As the size of the training set grows, the accumulated weight changes for batch training become large. This leads batch training to use unreasonably large steps, which in turn leads to unstable learning and to the overshooting of curves and local minima in the error landscape. Therefore, a reduction in the size of the learning rate (or, equivalently, using the average weight change instead of the sum) is required for batch training to be stable as the size of the training set grows. However, this means that the larger the training set is, the more computation is required for a weight change of the same magnitude.
On the other hand, on-line training uses the ‘local’ gradient of each training instance to determine what direction to go.
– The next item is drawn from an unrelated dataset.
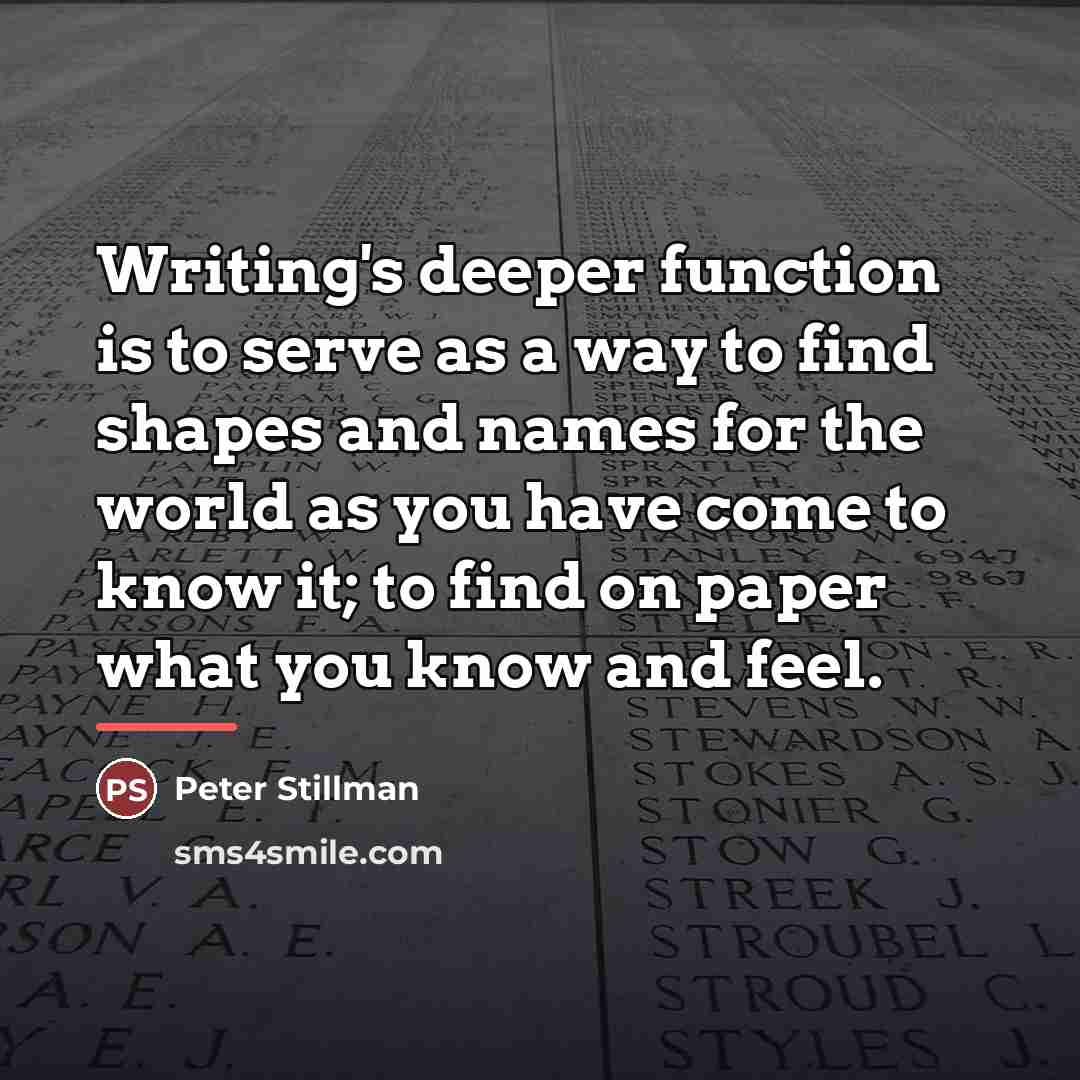 “Writing's deeper function is to serve as a way to…” quote by Peter Stillman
These local gradients can be noisy and contradict each other, but will on average move in the direction of the true gradient. Since on-line training updates weights after each instance, it is able to follow curves in the gradient during the course of an epoch. It can also handle any size of training set without having to reduce the learning rate.
Section 2 surveys the neural network literature to examine what is currently being taught about on-line and batch training. Some of the references make false claims or use misleading examples, while others appear entirely accurate. None of the literature surveyed, however, mentions the ability of on-line training to learn faster as a result of being able to follow the gradient more closely during an epoch and thus use a larger learning rate.
Section 3 explains the above arguments in more detail, describes each training method in terms of optimization theory, and gives several intuitive interpretations of batch and on-line training. It discusses how on-line and batch are similar in order to focus in on what is really different between the methods and how this difference gives on-line training such an advantage.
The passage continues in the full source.